What you need to do
Wherever a line in the data below holds "wooden", copy that line.

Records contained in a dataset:
* * *

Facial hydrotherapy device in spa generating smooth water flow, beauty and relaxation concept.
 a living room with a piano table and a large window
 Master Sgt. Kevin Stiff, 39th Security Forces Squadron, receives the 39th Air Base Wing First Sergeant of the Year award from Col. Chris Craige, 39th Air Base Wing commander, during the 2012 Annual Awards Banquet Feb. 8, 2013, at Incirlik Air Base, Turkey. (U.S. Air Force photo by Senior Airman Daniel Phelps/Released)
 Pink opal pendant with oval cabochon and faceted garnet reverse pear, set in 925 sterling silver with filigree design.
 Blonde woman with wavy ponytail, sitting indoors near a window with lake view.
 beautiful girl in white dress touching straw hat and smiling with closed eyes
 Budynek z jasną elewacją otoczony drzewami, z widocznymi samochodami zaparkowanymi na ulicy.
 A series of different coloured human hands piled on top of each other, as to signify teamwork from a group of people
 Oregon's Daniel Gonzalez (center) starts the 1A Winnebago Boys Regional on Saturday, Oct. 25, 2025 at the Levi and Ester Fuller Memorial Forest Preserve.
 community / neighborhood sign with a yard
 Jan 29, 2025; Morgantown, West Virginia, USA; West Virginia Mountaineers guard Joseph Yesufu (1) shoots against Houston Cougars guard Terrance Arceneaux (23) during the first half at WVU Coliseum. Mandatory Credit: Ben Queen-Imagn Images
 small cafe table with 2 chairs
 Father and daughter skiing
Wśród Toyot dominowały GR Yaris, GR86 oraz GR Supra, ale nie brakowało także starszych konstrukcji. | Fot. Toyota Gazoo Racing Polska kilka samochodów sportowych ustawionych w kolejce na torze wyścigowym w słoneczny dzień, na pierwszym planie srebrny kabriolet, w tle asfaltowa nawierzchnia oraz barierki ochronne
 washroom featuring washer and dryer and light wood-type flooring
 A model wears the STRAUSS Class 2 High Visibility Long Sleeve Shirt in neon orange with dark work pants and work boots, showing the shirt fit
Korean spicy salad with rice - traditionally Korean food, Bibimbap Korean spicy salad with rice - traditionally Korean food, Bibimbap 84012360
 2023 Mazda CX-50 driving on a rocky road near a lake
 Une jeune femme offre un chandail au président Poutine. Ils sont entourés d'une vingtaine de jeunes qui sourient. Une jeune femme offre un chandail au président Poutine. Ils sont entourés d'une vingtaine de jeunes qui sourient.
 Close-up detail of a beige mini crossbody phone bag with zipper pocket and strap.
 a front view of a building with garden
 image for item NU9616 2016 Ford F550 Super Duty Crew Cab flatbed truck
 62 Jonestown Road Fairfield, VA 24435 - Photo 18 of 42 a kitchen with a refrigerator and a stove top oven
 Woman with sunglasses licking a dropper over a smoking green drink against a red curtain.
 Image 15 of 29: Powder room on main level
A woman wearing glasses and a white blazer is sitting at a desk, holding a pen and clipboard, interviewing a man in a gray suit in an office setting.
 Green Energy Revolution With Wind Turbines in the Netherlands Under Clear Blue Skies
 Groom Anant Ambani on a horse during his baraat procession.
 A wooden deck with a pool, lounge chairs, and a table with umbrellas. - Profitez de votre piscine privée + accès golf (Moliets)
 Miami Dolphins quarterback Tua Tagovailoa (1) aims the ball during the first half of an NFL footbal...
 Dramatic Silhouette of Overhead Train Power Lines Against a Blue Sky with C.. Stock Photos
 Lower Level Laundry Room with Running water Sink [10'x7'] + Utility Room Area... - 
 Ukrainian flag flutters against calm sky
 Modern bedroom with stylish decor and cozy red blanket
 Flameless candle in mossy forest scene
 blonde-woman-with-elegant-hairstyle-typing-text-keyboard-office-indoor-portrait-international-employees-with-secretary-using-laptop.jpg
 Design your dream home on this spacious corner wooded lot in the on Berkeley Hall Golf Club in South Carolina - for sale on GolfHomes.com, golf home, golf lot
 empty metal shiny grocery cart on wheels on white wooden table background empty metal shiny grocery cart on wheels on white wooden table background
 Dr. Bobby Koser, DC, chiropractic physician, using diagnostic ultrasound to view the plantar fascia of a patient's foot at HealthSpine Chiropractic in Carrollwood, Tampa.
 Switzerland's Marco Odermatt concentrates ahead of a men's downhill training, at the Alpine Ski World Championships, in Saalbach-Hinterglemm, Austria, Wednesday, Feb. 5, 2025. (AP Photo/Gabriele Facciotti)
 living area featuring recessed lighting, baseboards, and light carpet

* * *

Exercise result
 A wooden deck with a pool, lounge chairs, and a table with umbrellas. - Profitez de votre piscine privée + accès golf (Moliets)
 empty metal shiny grocery cart on wheels on white wooden table background empty metal shiny grocery cart on wheels on white wooden table background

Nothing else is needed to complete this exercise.